The day that my landlord told me he was putting my house on the market was the day the baby bird fell from its nest.
The day my house stopped feeling like home.

I woke up feeling good, even though I'd walked around for days with a cloud over my head. Alex, my landlord, was considering putting the house up for sale. He'd had a realtor walk through it already, but he hadn't decided what he wanted to do. I was optimistic he wouldn't choose to sell. After all, how could such a terrible thing happen to me? Life was good. Wasn't it?

I rolled over and checked my phone. "Hey Elaine, give me a call when you wake up," was the text waiting for me. Alex. I allowed myself a few more minutes to fully wake up before calling him. I wanted to completely comprehend the conversation we were about to have, though I was certain he wanted to tell me he had opted not to put the house on the market at this point in time. He answered after a few rings, and we engaged in small talk until he was able to work his way up to the reason for the call: he was putting the house on the market.

My heart rocketed into my throat. I couldn't believe what I was hearing. He began to tell me that if (and it was a big "if,) the house sold, he would make sure I had an additional thirty days to vacate, on top of the amount of time it would take to close. He didn't, after all, want to screw me over and leave me scrambling to find a new place to live. We covered a few more details, and ended the call. I sat in my bed, head reeling, until I was able to get up and get on with my day.

I had the day off, and I really didn't want to be home alone. I grabbed some laundry and went to load up my car to drive to my mom's for the afternoon.

I opened the back door, that leads to my patio, and saw it. At first, I wasn't sure what I was seeing... until I got closer. It was a baby bird. Its head was bigger than the rest of its body; its purple lids on its eyes not yet open. A pile of pink rubber with little tiny feathers where its wings would grow, struggling to flip itself back over. It had fallen from directly above, where a sparrow had been building an impressive nest for weeks in the gutter of the roof that covers my patio. Nearby, on a fence post, its mother sat eyeing me.

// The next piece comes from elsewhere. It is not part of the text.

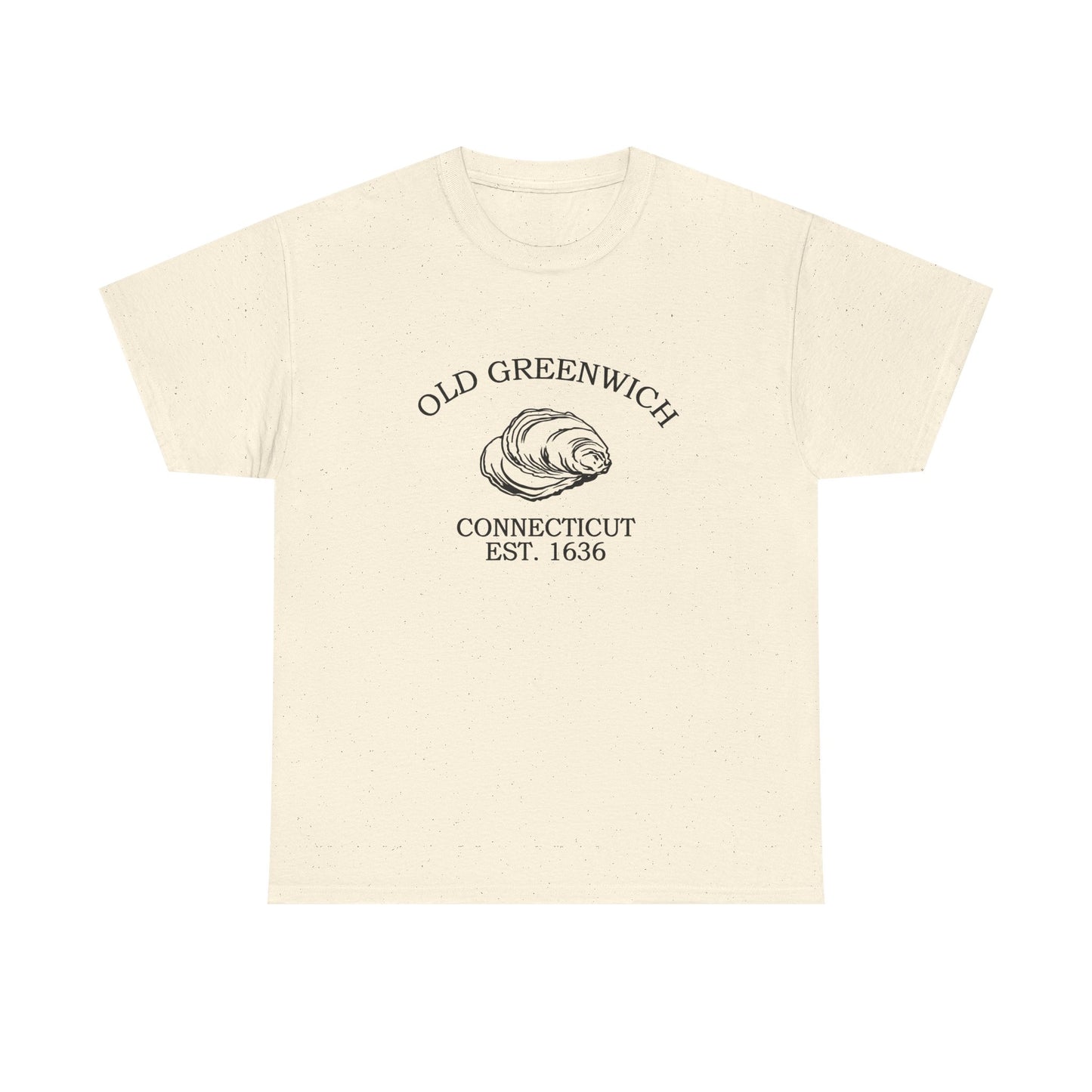 Old Greenwich Connecticut Vintage Retro Unisex Heavy Cotton Tee - Black Logo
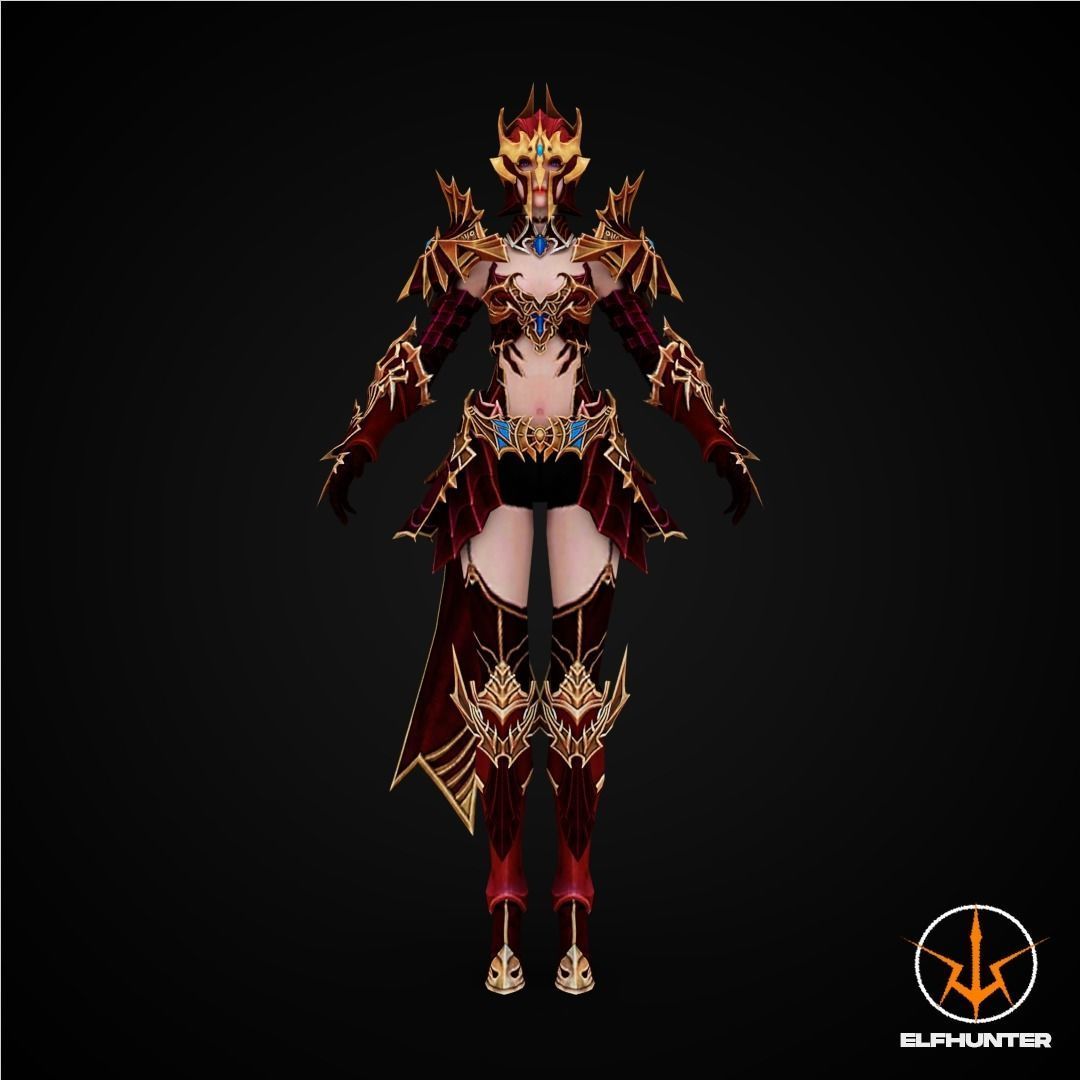 EXCLUSIVE ELF HUNTER EDITION RIGGED CHARACTER ELF RAID Low-poly 3D model_2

I couldn't touch it. Its mother wouldn't want anything to do with it. But I couldn't just leave it, either-- it's neck was twisted, and it was struggling to get turned over. Fighting to live. I looked around for something, anything, to help me flip it over without actually touching it. Finally, I found a stone. I used an untouched edge to turn the baby right side up. To straighten its neck. To hopefully save its life.

I left, praying its mother would take it back.

When I got home later that night, the baby was still on the patio. Still alive. Still struggling. Its breathing was getting more and more shallow, and I knew it wouldn't make it through the night. I stood there talking to it. The more I talked, the more it moved around. It liked the sound of my voice. I felt helpless. I couldn't take it in; it wouldn't last. But if I left it outside, a cat or another animal would likely make a meal of it. I talked to it until I couldn't take it anymore, apologizing over and over for not being able to save it.

I couldn't even save myself from possibly being ripped from my own home.

Painfully aware of how alike the baby bird and I were, I went inside and cried myself to sleep. I couldn't save the bird, and I couldn't save myself. I spent days lost. Not knowing what to do next. I couldn't even bring myself to remove the remains of the dead bird from my patio. It stayed there until my lawn was mowed the next time, and it was blown off of the concrete, with the grass clippings after the mowing.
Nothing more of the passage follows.